The church plant comes after a five-year journey in which Outlook—located in the outskirts of Indianapolis—invested heavily in serving the needs of the neighborhood (near Post Road and 42nd Street) and the public school located there.
The original plan was just to offer tutoring to neighborhood kids. A church wasn’t in view, said Mike Wilkins, missions and outreach minister for Outlook Christian Church.
But one thing has led to another.
“We expanded the ministry a little bit at a time,” said Wilkins, who will lead the new congregation.
“Through our work there we have come to understand that though the ministry we’ve enjoyed and the relationships we’ve built have been so meaningful, we are missing a super powerful component,” said senior minister Rob McCord, “a church in the neighborhood with a heart for the neighborhood.”
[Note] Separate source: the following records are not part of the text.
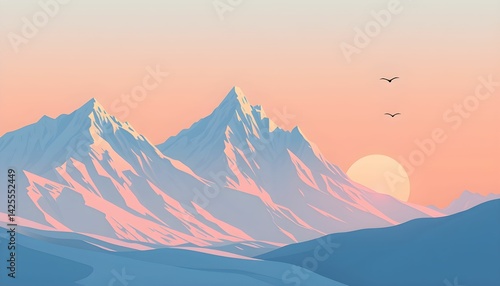 Sunset over the majestic, snow-capped peaks of the Himalayas, a breathtaking view of nature's beauty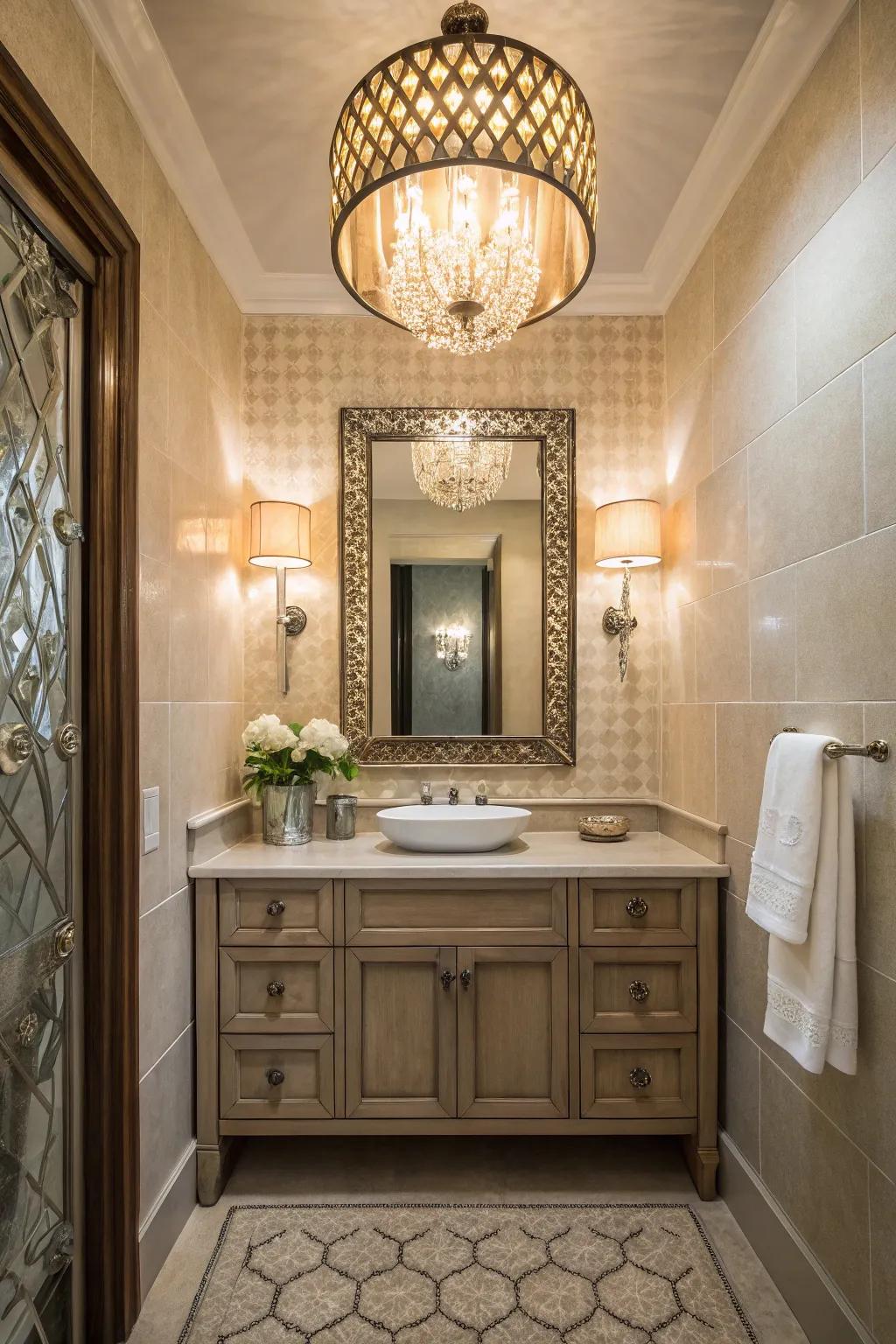 A powder room featuring a unique decorative light fixture.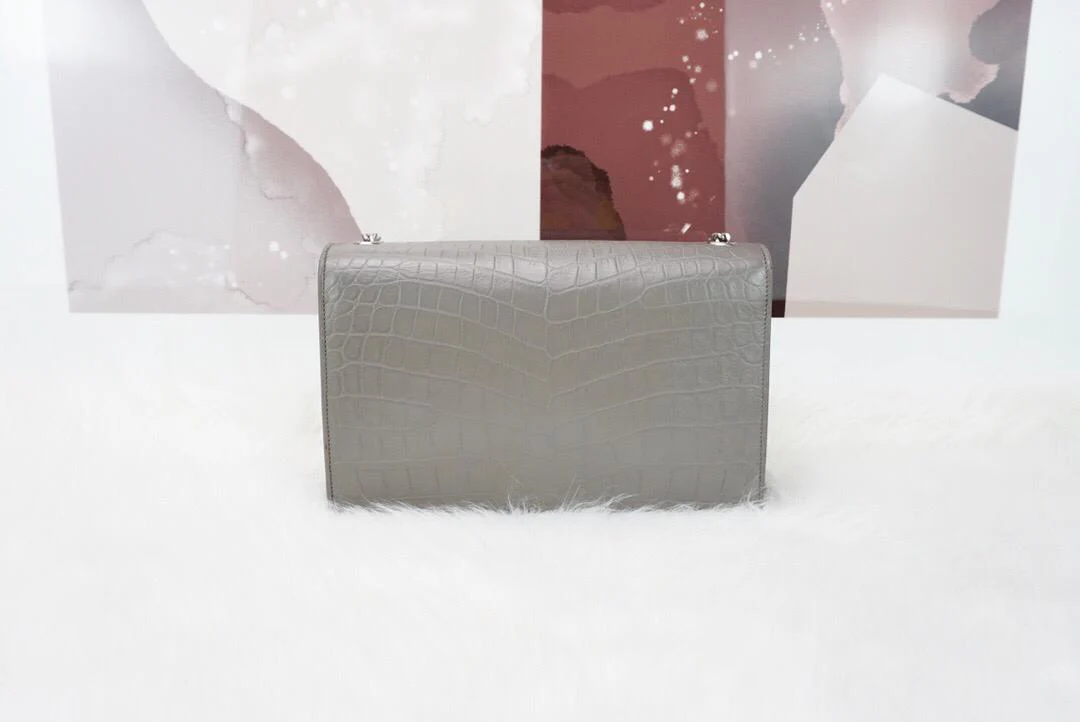 Classic Monogram Kate Tassel Satchel in Grey Crocodile Embossed Leather - Image 6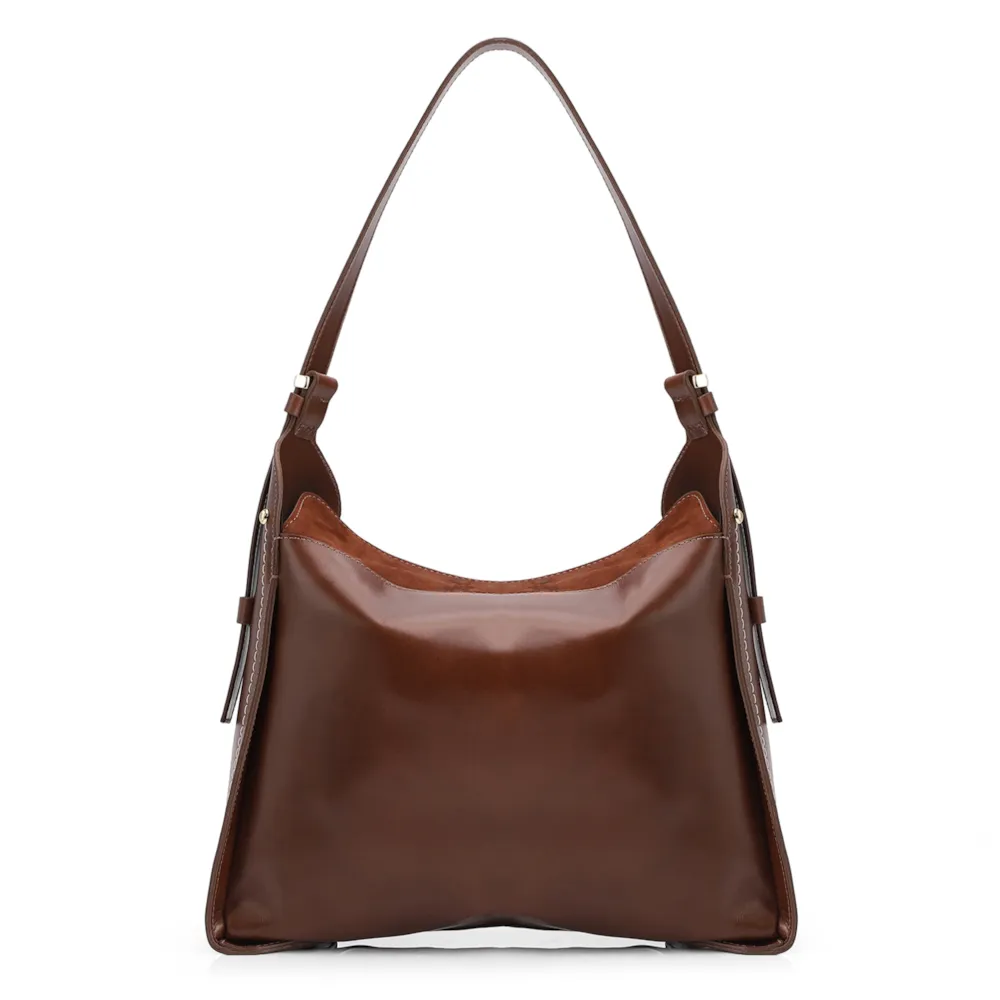 Bolsa Hobo Couro Marrom /Couro Nobuck Marrom - imagem 3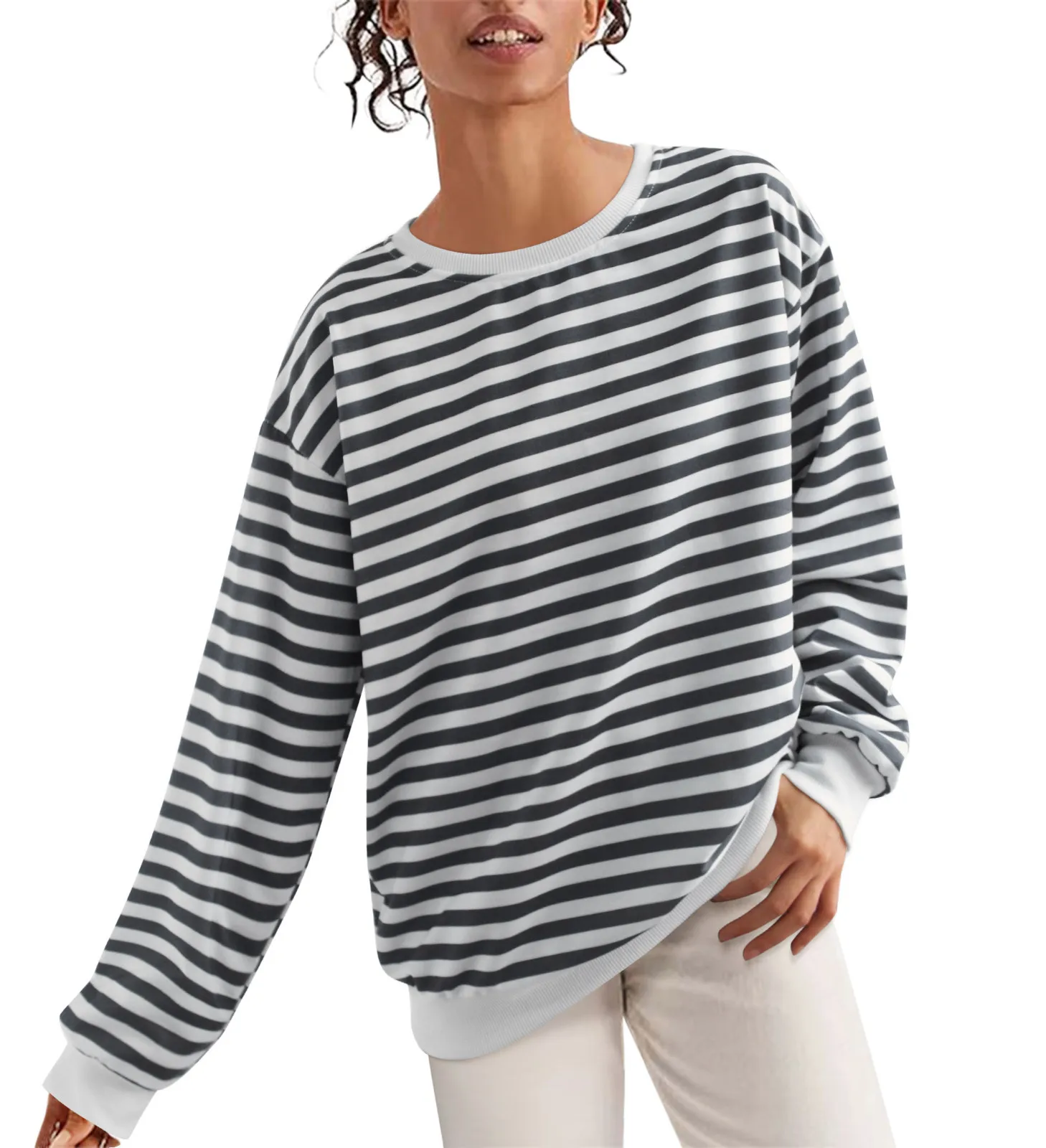 

Women Casual Wide Crew Neck Loose Sweatshirts For Teen Girls Aesthetic Sweatshirt For Women Zip Up Cool Style Casual Oversize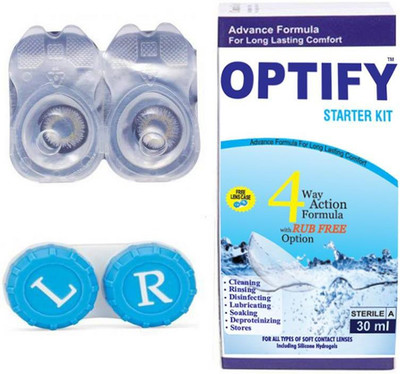 

Optify Color Contact Lens Zero Power Monthly Contact Lens(0, Gray, Pack of 2)
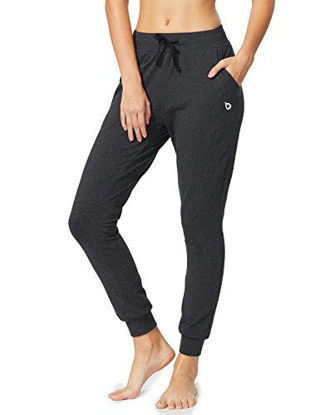 Picture of BALEAF Women's Cotton Sweatpants Cozy Joggers Pants Tapered Active Yoga Lounge Casual Travel Pants with Pockets Charcoal Size L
Outlook first reached out to the neighborhood in the far northeast side of the Indianapolis metro after it had been rated as one of the more vulnerable communities in the city. Wilkins said the community is only a 15-minute drive from the church but “a world away socioeconomically.”
Factors like crime, mental health, and poverty are what drove the neighborhood into the spotlight. Wilkins said the area doesn’t even have a name—at least not one that the church has been able to discern.
“From a missional point of view, the people are so unrooted, there’s not even a name for the community they live in,” he said.
The church started with a tutoring program in the local school—IPS 105.
That grew into afterschool, summer, and sports programs sponsored by the church. About a year later, the church launched a nonprofit organization—Renewal Neighborhood Ministry—from which to operate and to attract grant funding to aid in the work.
In August 2019, the ministry rented a house where it could expand its tutoring operation. That led into additional ministry to parents and neighboring residents.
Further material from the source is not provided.